Each record has to be returned exactly as it appears.
====== ENTRIES SHOWN
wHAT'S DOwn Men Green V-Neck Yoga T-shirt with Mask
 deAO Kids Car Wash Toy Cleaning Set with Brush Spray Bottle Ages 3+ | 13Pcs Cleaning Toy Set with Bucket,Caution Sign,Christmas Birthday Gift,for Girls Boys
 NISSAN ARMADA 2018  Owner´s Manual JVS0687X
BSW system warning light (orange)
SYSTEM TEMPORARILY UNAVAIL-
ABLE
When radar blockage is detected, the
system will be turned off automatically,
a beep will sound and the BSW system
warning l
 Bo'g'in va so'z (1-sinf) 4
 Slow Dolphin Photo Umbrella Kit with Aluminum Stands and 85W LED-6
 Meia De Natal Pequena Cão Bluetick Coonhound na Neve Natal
============
__ANSWER TO THIS TASK__:
wHAT'S DOwn Men Green V-Neck Yoga T-shirt with Mask
 deAO Kids Car Wash Toy Cleaning Set with Brush Spray Bottle Ages 3+ | 13Pcs Cleaning Toy Set with Bucket,Caution Sign,Christmas Birthday Gift,for Girls Boys
 NISSAN ARMADA 2018  Owner´s Manual JVS0687X
BSW system warning light (orange)
SYSTEM TEMPORARILY UNAVAIL-
ABLE
When radar blockage is detected, the
system will be turned off automatically,
a beep will sound and the BSW system
warning l
 Bo'g'in va so'z (1-sinf) 4
 Slow Dolphin Photo Umbrella Kit with Aluminum Stands and 85W LED-6
 Meia De Natal Pequena Cão Bluetick Coonhound na Neve Natal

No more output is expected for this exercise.